Recently, entrepreneur and co-founder of Infosys, Nandan Nilekani, said that India will need a million startups to become an $8 trillion economy by 2035. The country is actively working toward this goal, churning out multiple AI startups (LLM wrappers or not) and exploring different domains.
Edtech, however, has experienced a tumultuous time over the past few years, sparking doubts about how much people still want to invest in the sector.
WTFund Cohort Study
Zerodha co-founder Nikhil Kamath’s WTFund 2024 cohort, which focuses on first-time founders under 25, recently received over 4,000 applications across both cohorts. In the recent cohort, nine startups were selected, for which the WTFund will provide ₹20 lakh in grants, along with mentorship and support to scale their early-stage startups.
An interesting observation from the applications was that 15% of the total startups were in the edtech sector. The largest portion, 28%, was from founders investing in SaaS/Tech startups.
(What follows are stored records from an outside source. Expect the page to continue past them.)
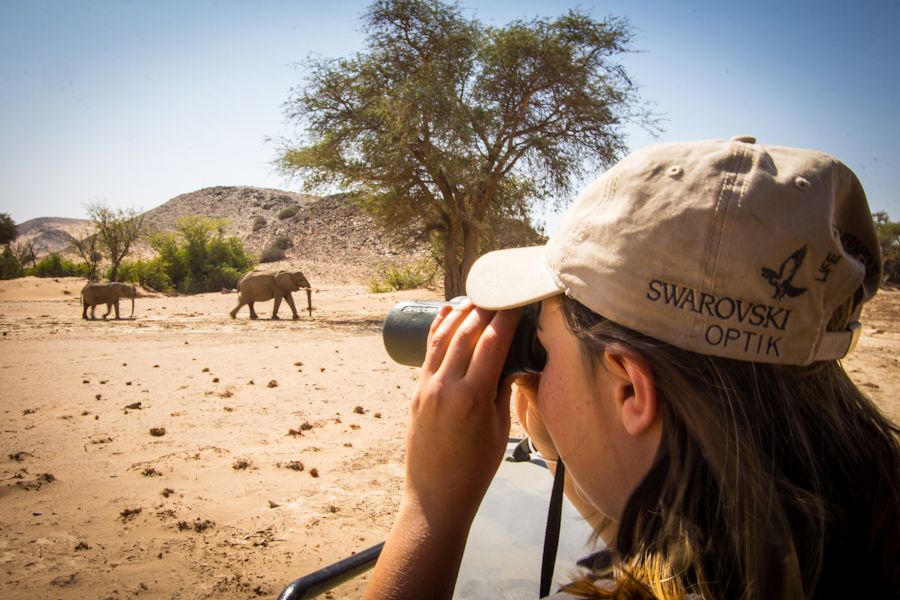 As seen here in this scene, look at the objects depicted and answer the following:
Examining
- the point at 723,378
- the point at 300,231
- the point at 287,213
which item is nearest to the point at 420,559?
the point at 723,378

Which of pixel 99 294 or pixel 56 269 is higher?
pixel 56 269

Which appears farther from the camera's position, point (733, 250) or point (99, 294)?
point (99, 294)

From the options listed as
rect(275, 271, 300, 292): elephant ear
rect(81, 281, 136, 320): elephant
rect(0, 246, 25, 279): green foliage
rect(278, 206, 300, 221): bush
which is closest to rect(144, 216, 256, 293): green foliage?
rect(0, 246, 25, 279): green foliage

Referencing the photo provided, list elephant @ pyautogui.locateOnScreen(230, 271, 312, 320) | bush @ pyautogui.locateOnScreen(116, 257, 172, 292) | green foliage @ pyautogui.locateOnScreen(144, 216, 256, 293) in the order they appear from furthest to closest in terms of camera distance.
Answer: green foliage @ pyautogui.locateOnScreen(144, 216, 256, 293) < bush @ pyautogui.locateOnScreen(116, 257, 172, 292) < elephant @ pyautogui.locateOnScreen(230, 271, 312, 320)

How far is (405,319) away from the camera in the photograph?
1549 mm

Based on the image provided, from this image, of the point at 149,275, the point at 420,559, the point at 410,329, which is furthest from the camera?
the point at 149,275

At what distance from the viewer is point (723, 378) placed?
90cm

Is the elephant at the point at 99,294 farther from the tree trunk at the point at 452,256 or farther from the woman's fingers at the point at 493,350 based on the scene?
the woman's fingers at the point at 493,350

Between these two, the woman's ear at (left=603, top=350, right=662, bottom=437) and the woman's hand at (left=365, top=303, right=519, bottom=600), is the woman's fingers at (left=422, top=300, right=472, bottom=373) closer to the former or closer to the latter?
the woman's hand at (left=365, top=303, right=519, bottom=600)

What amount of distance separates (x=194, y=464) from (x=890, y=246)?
35214 mm

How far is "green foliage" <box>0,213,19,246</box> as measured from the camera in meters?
42.2

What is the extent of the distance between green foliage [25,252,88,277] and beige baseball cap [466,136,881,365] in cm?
3656

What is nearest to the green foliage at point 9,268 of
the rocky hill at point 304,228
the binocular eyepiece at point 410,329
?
the rocky hill at point 304,228

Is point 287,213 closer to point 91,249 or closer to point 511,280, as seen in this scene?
point 91,249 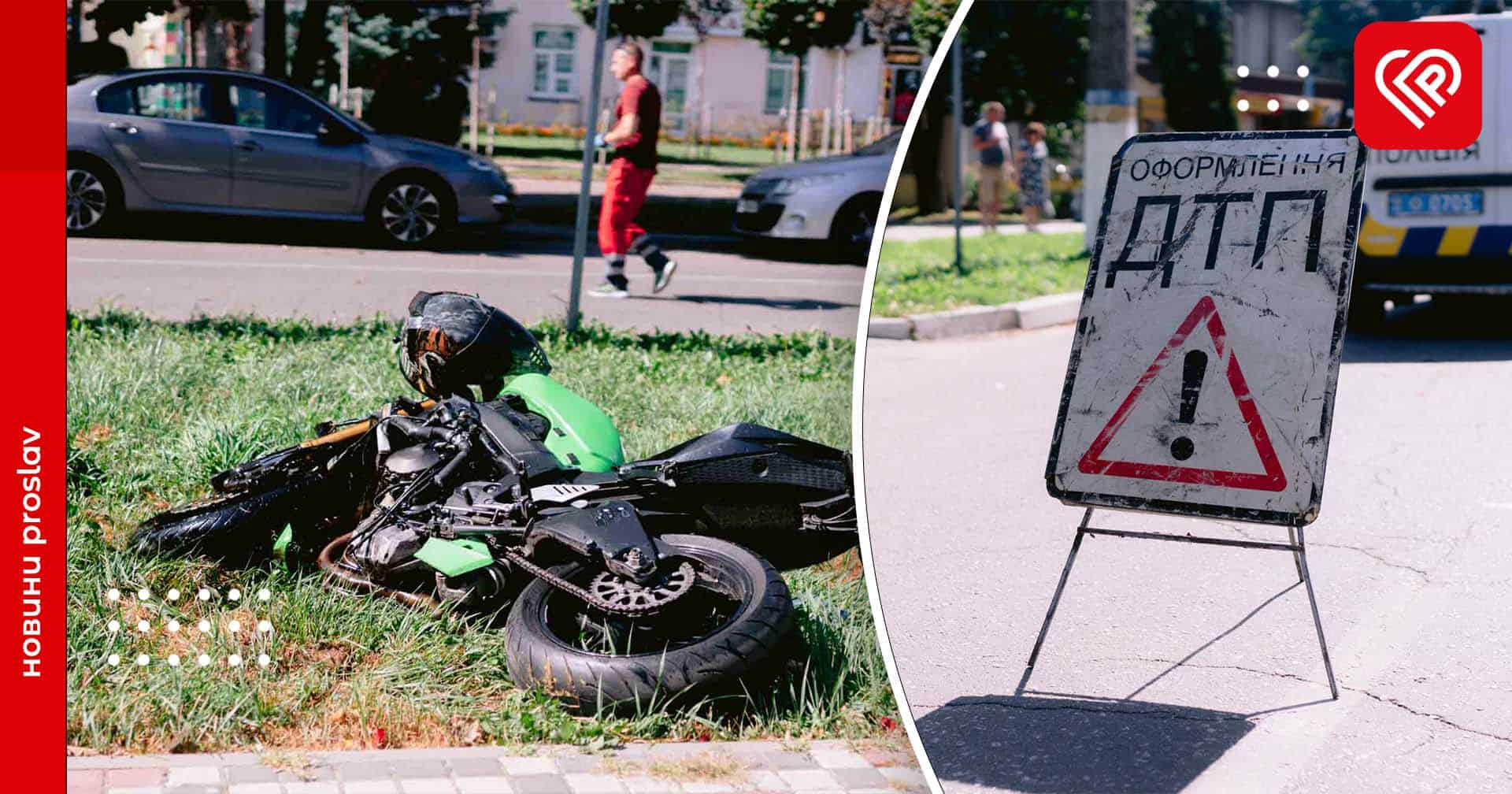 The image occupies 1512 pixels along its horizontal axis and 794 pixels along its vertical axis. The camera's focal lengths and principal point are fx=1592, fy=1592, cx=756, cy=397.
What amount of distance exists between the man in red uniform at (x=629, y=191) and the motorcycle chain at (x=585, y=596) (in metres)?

Ideally, edtech’s abysmal performance over the past decade should discourage people from betting heavily on it.
While we all know that the biggest edtech company, Byju’s, made huge losses, laid off 1000s of employees, and saw its valuation plummet from $22 billion to $1 billion, the optimism around the domain still remains. This was evident in WTFund’s data, which showed a fairly good number of pitches, i.e. 600, in the edtech sector.
But Why Did Edtech Fail?
India’s edtech startup ecosystem has witnessed significant failures over the past decade. According to data obtained from Tracxn, 2,780 Indian edtech startups shut down in the past decade (between 2015 and 2024).
While the early years (2015-2019) saw 630 closures, the period between 2020 and 2024 experienced a sharp surge, with 2,150 startups ceasing operations.
The spike in failures in recent years reflects the volatile nature of the edtech landscape, where factors such as funding slowdowns, increased competition, and shifting market demands have played a crucial role. Additionally, the Covid-19 pandemic that caused the edtech boom fizzled over the years.
Data indicates that edtech startups folded within 3-4 years of inception (avg: 3.6 years). Maharashtra, Karnataka, and Delhi emerged as the top states with the most startup shutdowns, with Delhi and Bengaluru leading at the city level.
Still Thriving?
Though the numbers may not be promising, there are still many thriving edtech companies. Physics Wallah, founded by Alakh Pandey in 2016, has grown from a YouTube channel into a leading edtech platform focused on JEE and NEET preparation. The company recently made a confidential filing of draft papers for ₹4,600 crore IPO.
Besides 55 lakh paid students, 4.6 crore YouTube subscribers, and over 130 offline centres, the company last raised $210 million, bringing its valuation to $2.8 billion. Last year, the company launched Alakh AI, a suite of generative AI products to help students from tier 2 and 3 cities access premium quality education. In fact, 85% of their enrollment comes from smaller cities.
In an earlier interaction with AIM, Vineet Govil, CTPO of PhysicsWallah, stated that the company uses OpenAI’s GPT-4o and fine-tunes it with a question bank of nearly a million entries and over 20,000 videos. He added that they have built a custom layer using the RAG architecture and a vector database to generate context-aware responses.
Similarly, another Indian edtech platform, Vedantu is preparing for an IPO. The company specialises in K-12 and competitive exams using its WAVE (Whiteboard Audio Video Environment) technology. As per December results, the company’s net loss declined by 58% when compared to the previous year. The company plans to launch an IPO of $150-200 million in the next two years.
While a few edtech players continue to thrive, historical data may not be too encouraging for Indian players looking to dip into the space.